An exact transcription of the data below, complete and unaltered, is the expected answer.
======== Entries provided ========
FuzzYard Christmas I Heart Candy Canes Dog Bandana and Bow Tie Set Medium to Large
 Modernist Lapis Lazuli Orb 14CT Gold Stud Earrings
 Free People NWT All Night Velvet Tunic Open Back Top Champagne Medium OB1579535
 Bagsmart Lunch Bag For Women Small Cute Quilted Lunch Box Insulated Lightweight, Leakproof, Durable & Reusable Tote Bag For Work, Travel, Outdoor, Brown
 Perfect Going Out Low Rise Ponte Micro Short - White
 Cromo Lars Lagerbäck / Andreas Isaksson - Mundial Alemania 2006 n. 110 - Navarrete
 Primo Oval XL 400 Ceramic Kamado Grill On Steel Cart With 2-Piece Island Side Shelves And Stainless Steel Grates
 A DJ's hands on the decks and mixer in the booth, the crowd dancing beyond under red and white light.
========
Task answer.
FuzzYard Christmas I Heart Candy Canes Dog Bandana and Bow Tie Set Medium to Large
 Modernist Lapis Lazuli Orb 14CT Gold Stud Earrings
 Free People NWT All Night Velvet Tunic Open Back Top Champagne Medium OB1579535
 Bagsmart Lunch Bag For Women Small Cute Quilted Lunch Box Insulated Lightweight, Leakproof, Durable & Reusable Tote Bag For Work, Travel, Outdoor, Brown
 Perfect Going Out Low Rise Ponte Micro Short - White
 Cromo Lars Lagerbäck / Andreas Isaksson - Mundial Alemania 2006 n. 110 - Navarrete
 Primo Oval XL 400 Ceramic Kamado Grill On Steel Cart With 2-Piece Island Side Shelves And Stainless Steel Grates
 A DJ's hands on the decks and mixer in the booth, the crowd dancing beyond under red and white light.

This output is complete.